The woman shook her head. “They was give up, I heard. Danny signed some paper when he was in jail in Texas. He got caught doing a burglary, but I didn’t believe it none. Did a couple of years in prison. We never heard from them no time again. I guess they’s all grown up now, but I never seen any of ’em, not one time, so it’s not like I think of them. Danny, he did the right thing by giving them up after that woman passed, because he couldn’t raise three children he didn’t know all by hisself. And I couldn’t help him none, either, all alone here and being sick and all. So they became someone else’s problem and someone else’s children. Like I said, we never heard from them.”

Ricky knew this last statement was untrue.

“Did you even know their names?” he asked.

The woman shook her head.

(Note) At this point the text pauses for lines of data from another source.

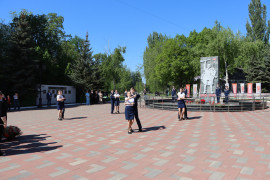 В преддверии 9 Мая школа "Кадет №95" исполнили вальс победы! #2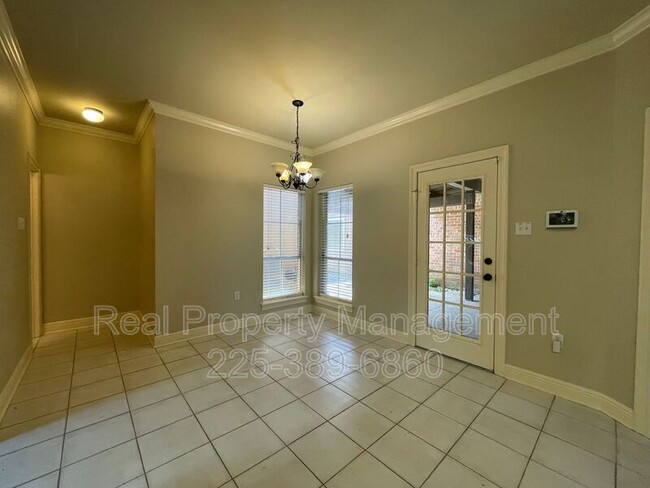 Building Photo - 13263 Quail Meadow Dr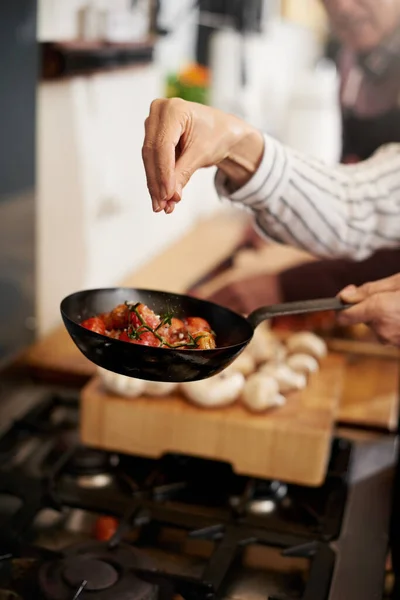 Missing Ingredient Unrecognizable Persons Hand Adding Salt Pan Tomatoes Kitchen — Foto Stock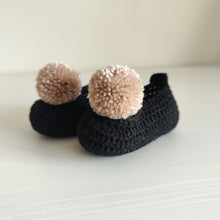 Carregar imagem no visualizador da galeria, Sapatinho Pompom preto/bege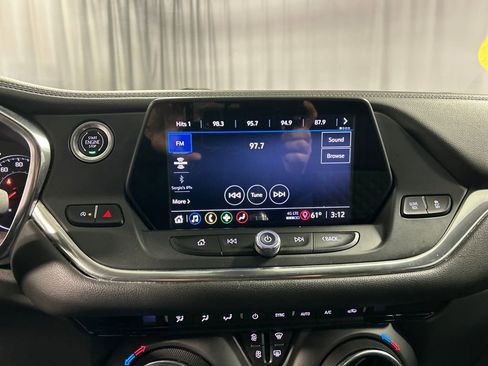 Used 2022 Chevrolet Blazer LT FWD image 17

The cruelty in that gesture almost struck him like a fist, and he understood where the young Daniel Collins had found his own selfishness.

When the last of the day’s heat and sunshine hit his head, he stood dizzily on the sidewalk for just a moment, wondering whether Rumplestiltskin’s reach was so far, that it had put Daniel Collins on death row. He guessed that it was. He just wasn’t precisely certain how.

Chapter Twenty-Seven

Ricky returned to New Hampshire and back to life as Richard Lively. Everything that he’d learned on his trip to Florida troubled him.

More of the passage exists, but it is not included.